Late last year, Israeli Prime Minister Benjamin Netanyahu entered into a coalition government with Itamar Ben Gvir’s Jewish Power party and firebrand Bezalel Smotrich’s Religious Zionist Party.
Ben Gvir’s far-right Jewish Power party was founded by Meir Kahane. A far-right rabbi and former MP, he previously led the Kach party, an organisation that was outlawed by Israel after one of its followers gunned down 29 Muslim worshippers at the Ibrahimi Mosque in Hebron as they prayed.
Meanwhile, Smotrich, a self-declared “fascist homophobe”, was appointed finance minister and also handed broad authority over civilian issues in the West Bank, enabling him to increase settlement construction and thwart Palestinian development.
Since then, Smotrich has been in charge of civilian affairs in Area C of the occupied West Bank, where Israel has full security and civilian control.
Area C is the largest section of the occupied West Bank, comprising about 60 per cent of the Palestinian territory. It is also where more than 400,000 illegal Israeli settlers live.
Although control of part of this area was meant to be transferred to the Palestinian Authority (PA) in 1999, as per the Oslo Accords, the handover didn’t materialise, leaving security, planning and construction matters in the hands of Israel.
Since the 7 October attack, both Ben Gvir and Smotrich, and several other elements within the Israeli government, have attempted to stoke further tensions with the Palestinians of Area C, other parts of the West Bank and Palestinian residents of Israel.
While Ben Gvir has been freely distributing weapons to settlers in border towns such as Sderot, Smotrich, as finance minister, has vowed to freeze funding to the Palestinian Authority over its alleged support for Hamas.
Israel collects more than $100m a month in duties levied on goods destined for Palestinian markets that transit through Israeli customs and then transfer to the PA.
Israel has made such deductions in the past, citing PA payments to families of Palestinians jailed by Israel for attacks against Israelis.
‘Revenge is coming’
As the rhetoric against the Palestinians has escalated in recent weeks, so too have the attacks.
MEE previously reported that Israeli settlers were distributing menacing leaflets and leaving bloodied dolls at schools, warning Palestinians to either leave or be killed.
Residents of one West Bank village said they were sent warning letters which read: “You wanted war – wait for the great Nakba”, a reference to the 1948 displacement of 750,000 Palestinians from their ancestral homeland.

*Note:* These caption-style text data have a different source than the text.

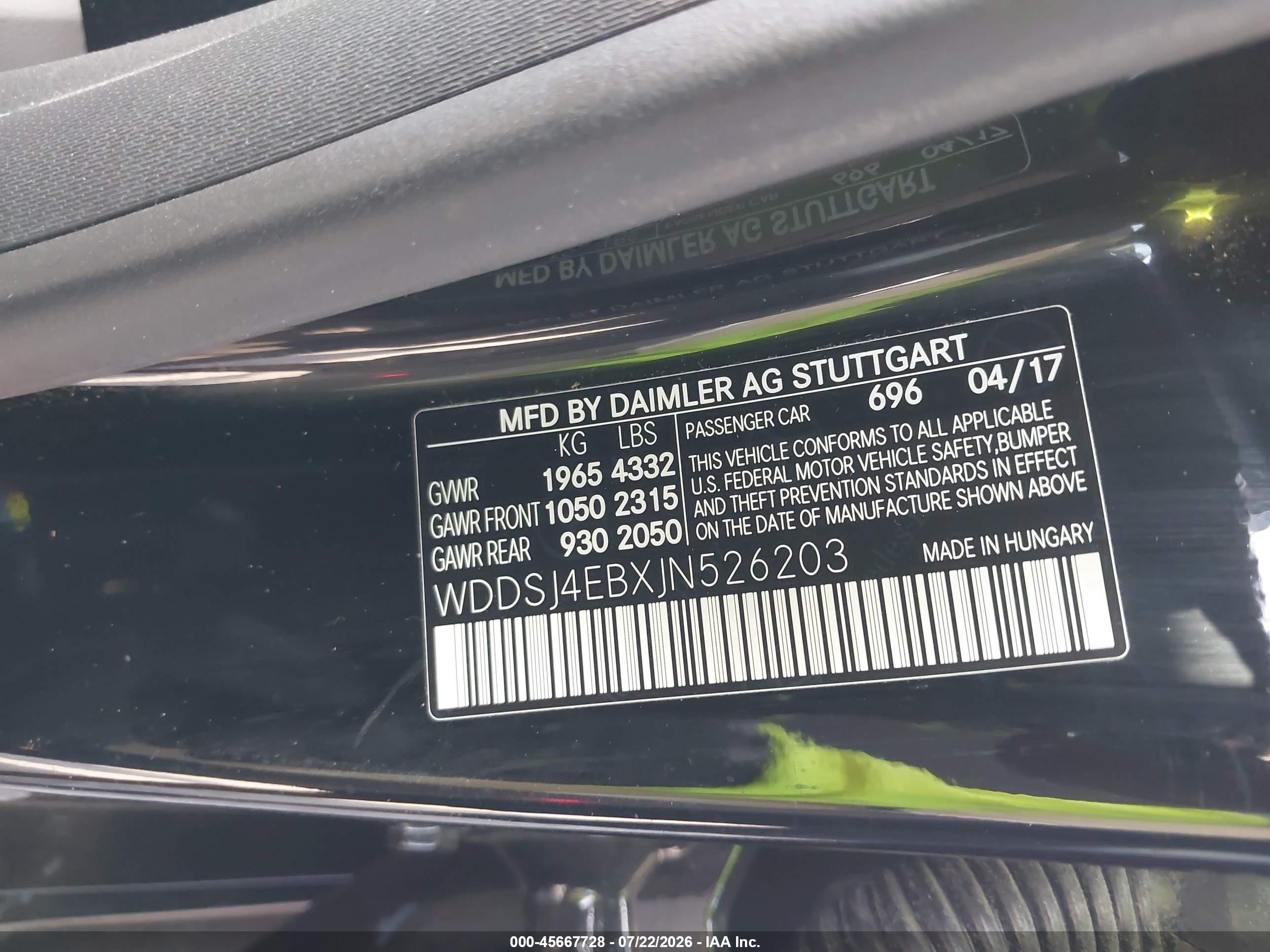 2018 MERCEDES-BENZ CLA 250 CLA250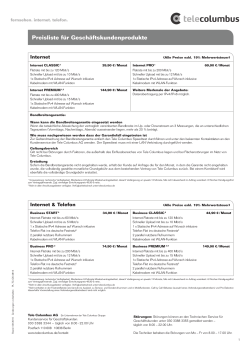 Preisliste für Geschäftskunden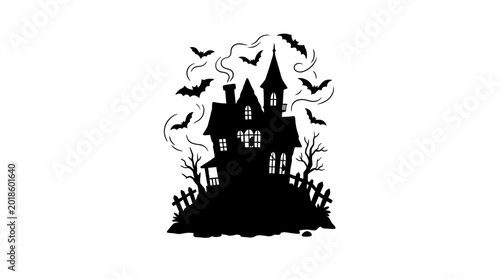 Bild auf Leinwand Black silhouette of a spooky haunted house for Halloween.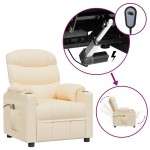 vidaXL Fotoliu de masaj electric rabatabil, crem, textil vidaXL Fotoliu de masaj electric rabatabil, crem, textil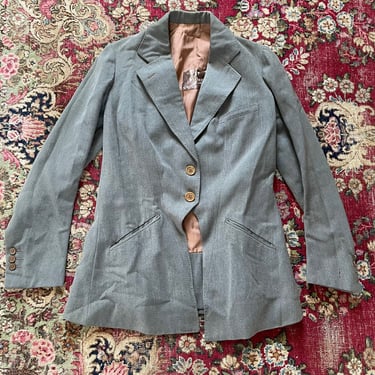 Rare vintage 1930s 1931 ladies riding jacket in dusty sage wool | Hertz New York, Philadelphia Biddle estate find, S/M 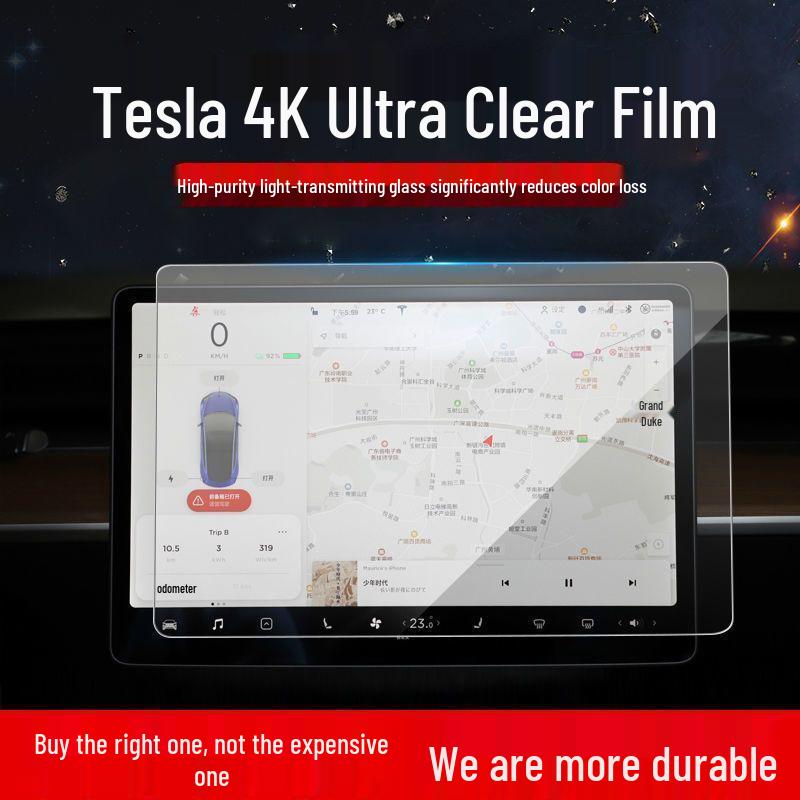 Tesla Model 3/Y Center Console Displayschutzfolie, Vollabdeckung Gehärtetes Glas, Explosionsgeschützt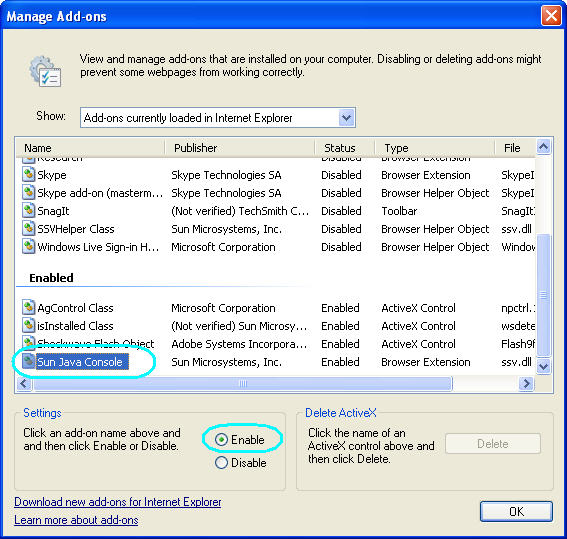 Manage Add-ons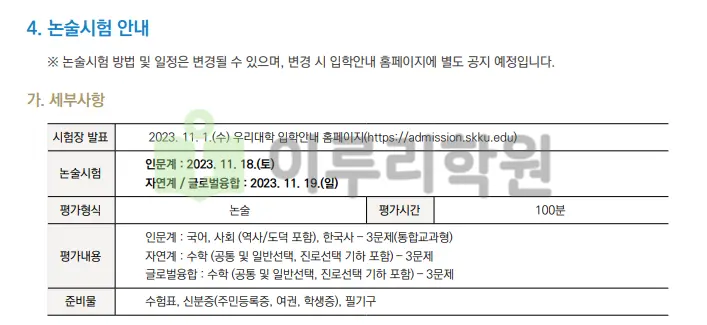 출처 : 성균관대학교 입학처 중 수시 입학전형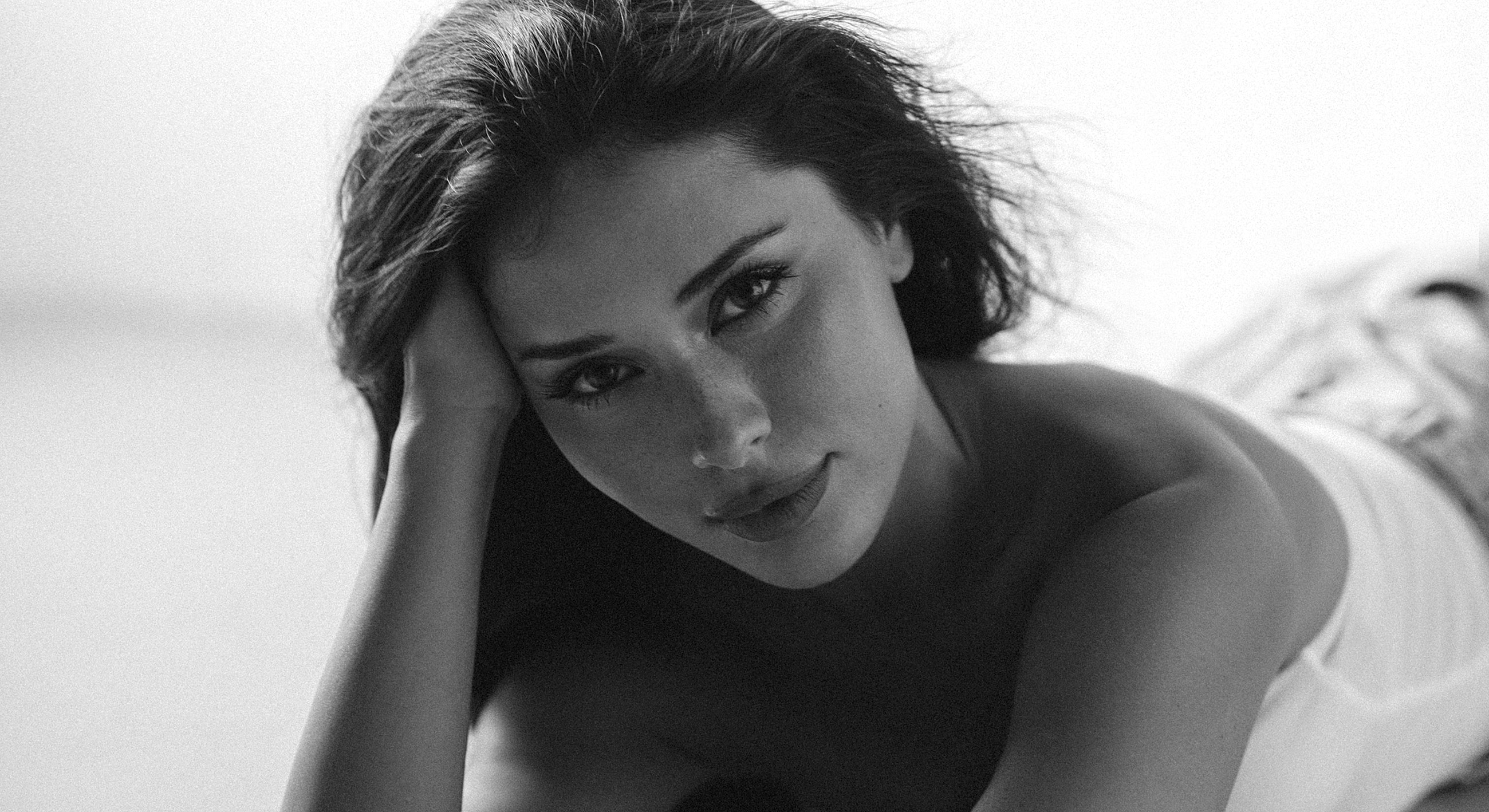 Black and white portrait of a woman.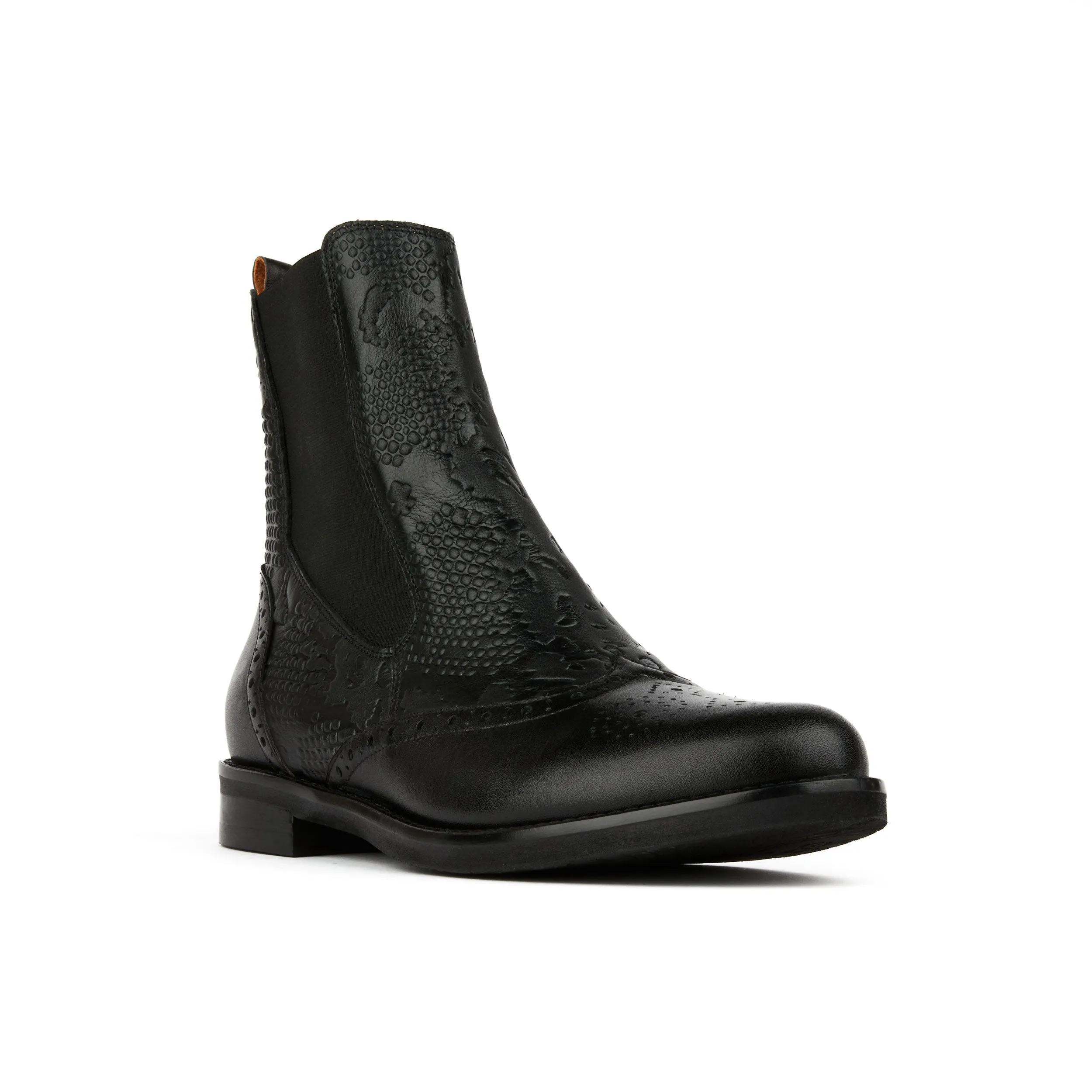 Catherine - Black Snake - Women's leather higher chelsea boot with broguing in black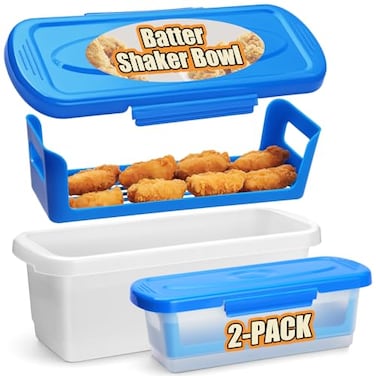 Flybok Batter Bowl with Lid 2Pack Fish Batter Shaker Better Breader Shaker Bowl with Breading Shaker Tray Batter Bowl with Lids Shaker for Frying Chicken Wings Fish Onion Rings Veggies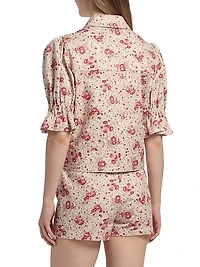 Holly Floral Stretch-Cotton Puff-Sleeve Jacket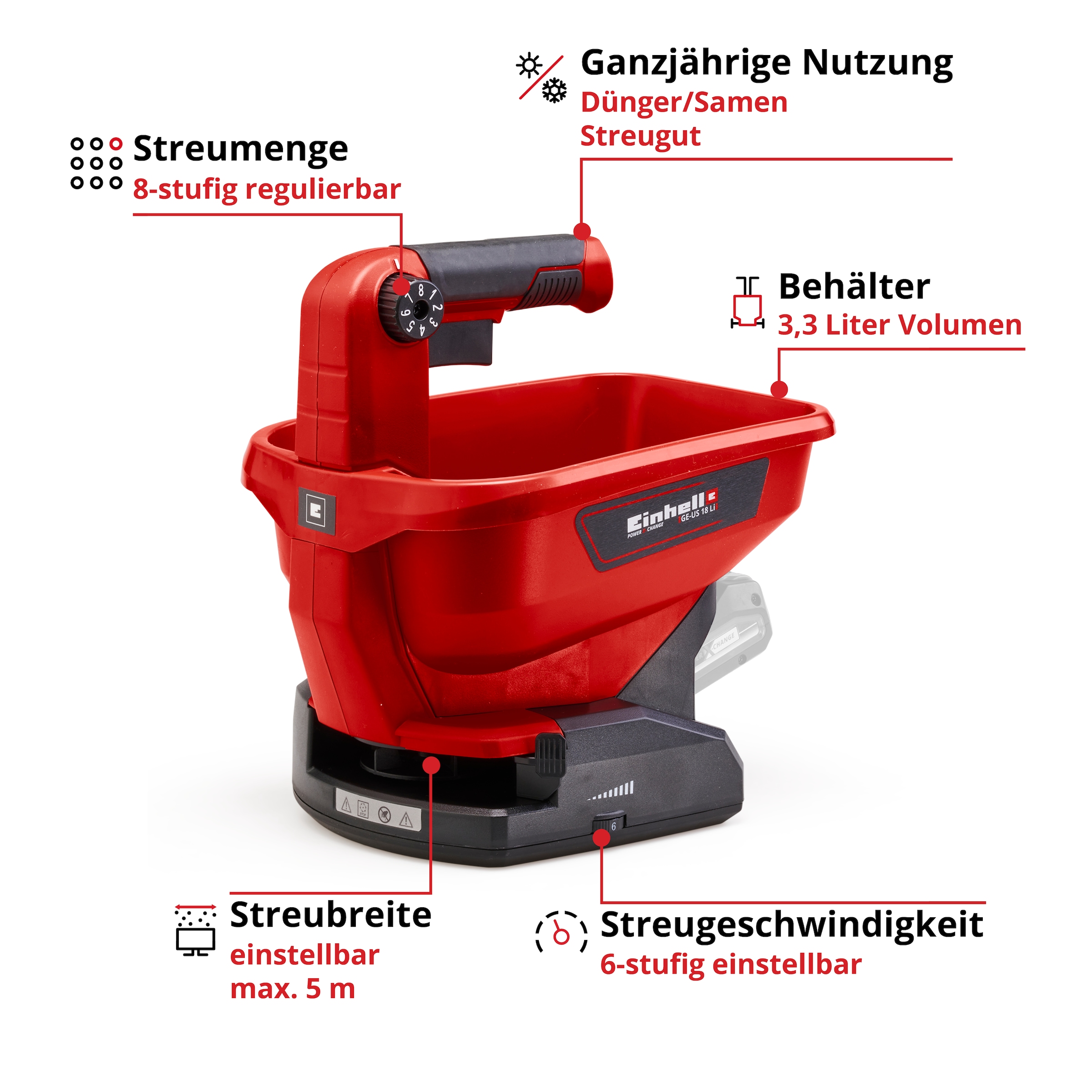 Einhell Handstreuer »GE-US 18 Li-Solo«, ohne Akku und Ladegerät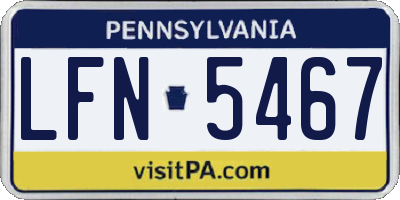 PA license plate LFN5467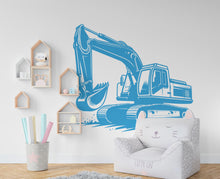 Load image into Gallery viewer, Excavator wall decal Construction Excavator Truck Wall Decal Kids Decal Custom Name Name Nursery wall Vinyl Sticker Decor 616RS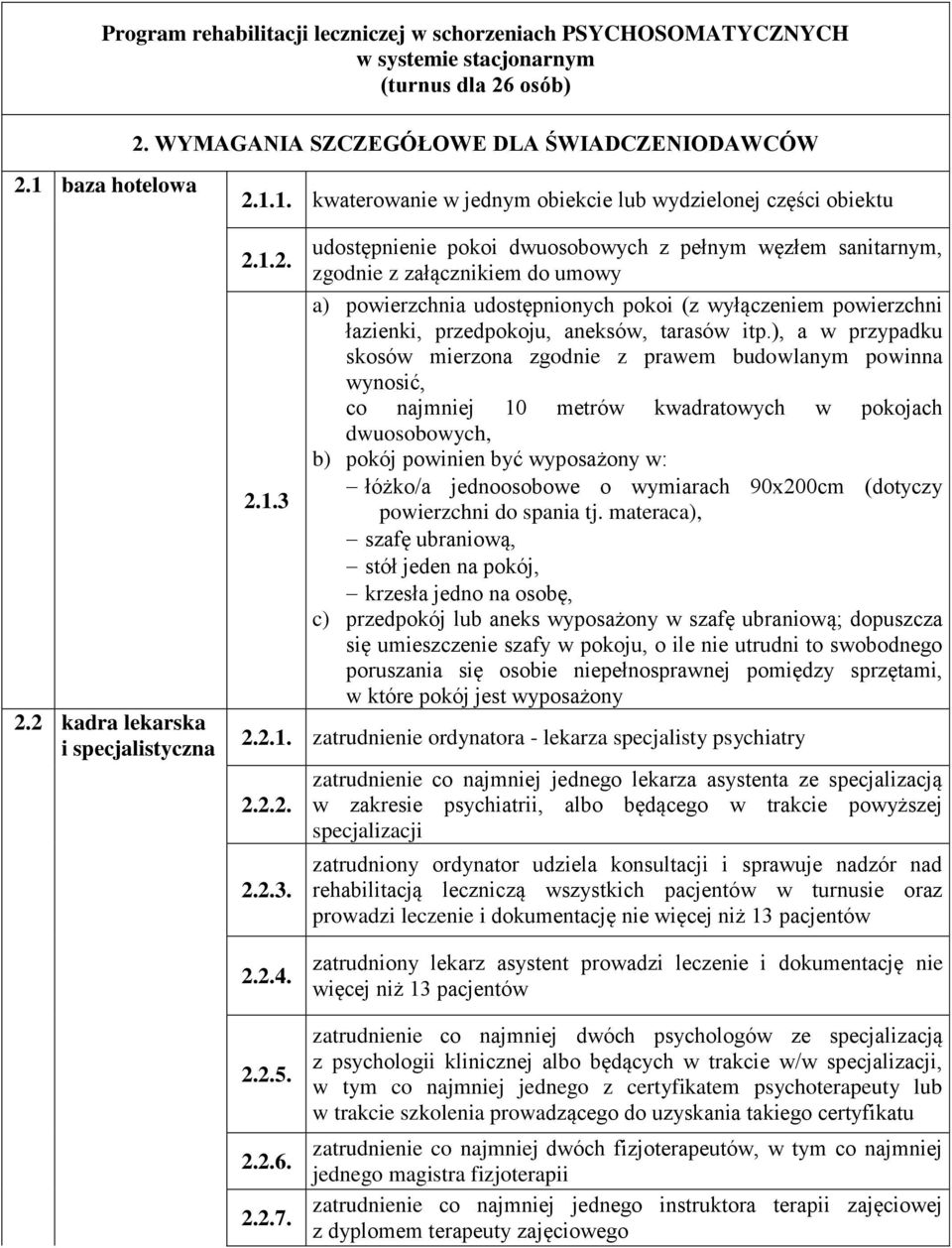 1. kwaterowanie w jednym obiekcie lub wydzielonej części obiektu 2.1.2. 2.1.3 udostępnienie pokoi dwuosobowych z pełnym węzłem sanitarnym, zgodnie z załącznikiem do umowy a) powierzchnia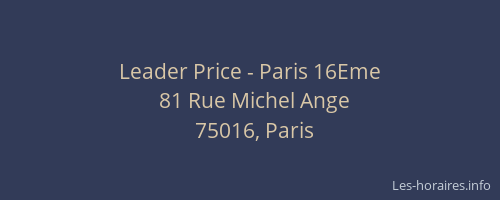 Leader Price - Paris 16Eme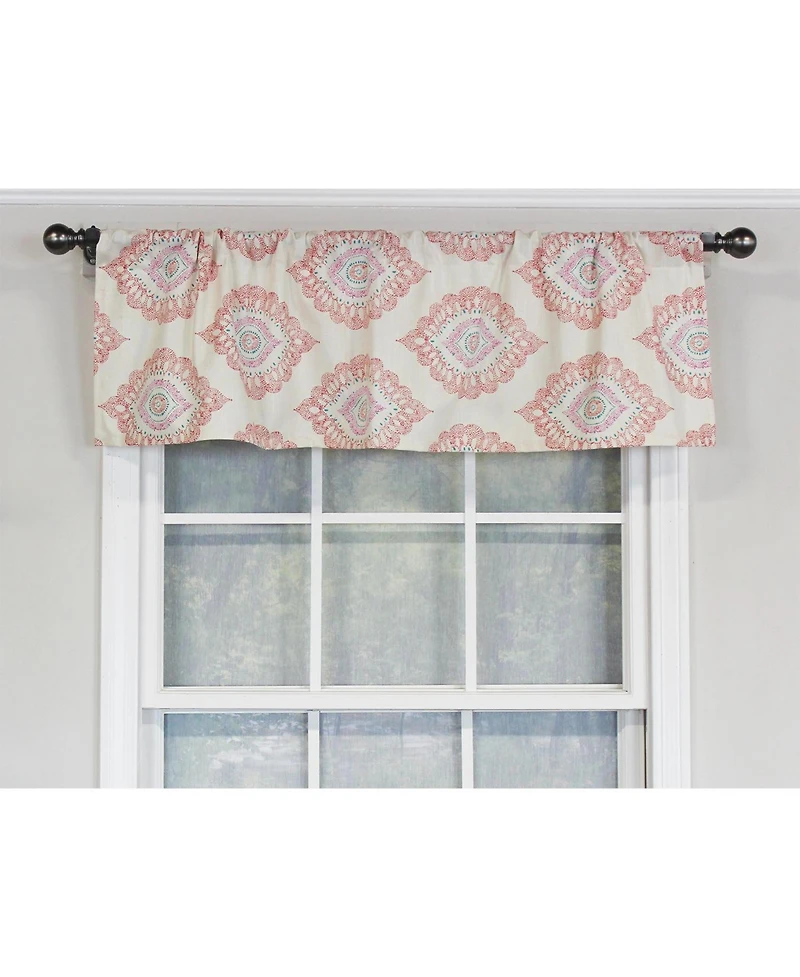 Rlf Home Exquisite Tailored 100% Cotton with Fully Lined 3" Rod Pocket Valnance for Windows 50" x 14" Scarlet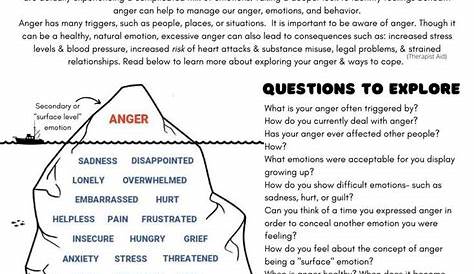 Anger Management Exercises For Adults Pdf – Kidsworksheetfun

In another, residents were sent a photo of masked settlers holding petrol cans and weapons, with the words: “To all the rats in the sewers of Qusra village, we are waiting for you and we will not feel sorry for you. The day of revenge is coming.”
In Um al-Khair, a tiny village flanked on all sides by Israeli settlers, Palestinians were told to raise Israeli flags outside their home by 7 p.m. local time or face repercussions.
After a farmer’s house was burned down, locals said they called Israeli police for assistance, hoping they would come and arrest the perpetrators. Instead, the police accused the victims of being “liars” and threatened them with imprisonment.
MEE reached out to the Israeli police for comment but did not receive a response by the time of publication.
On Monday, all of the residents of Khirbet Zanuta decided to flee their homes due to the uptick in settler violence, with many going to areas populated by Palestinians.
As a result, the rugged hills and valleys of the occupied West Bank are losing the farmers, herders and nomadic Bedouin tribes that have lived here for centuries.
In the nearby village of Tuwani, residents spoke of constant harassment.
The village patriarch, Hafez Husseini, told MEE that while many villagers had bowed to settler pressure, he couldn’t bear fleeing his home like many Palestinians had done when Israel was founded in 1948.
“No, never. Nothing will make me leave my home,” he said, emphatically.
Jibril, the farmer, appeared to echo that sentiment.
But upon receiving clear threats to his children – warnings that they could be targeted or even killed – he, too, could be forced to leave his ancestral home.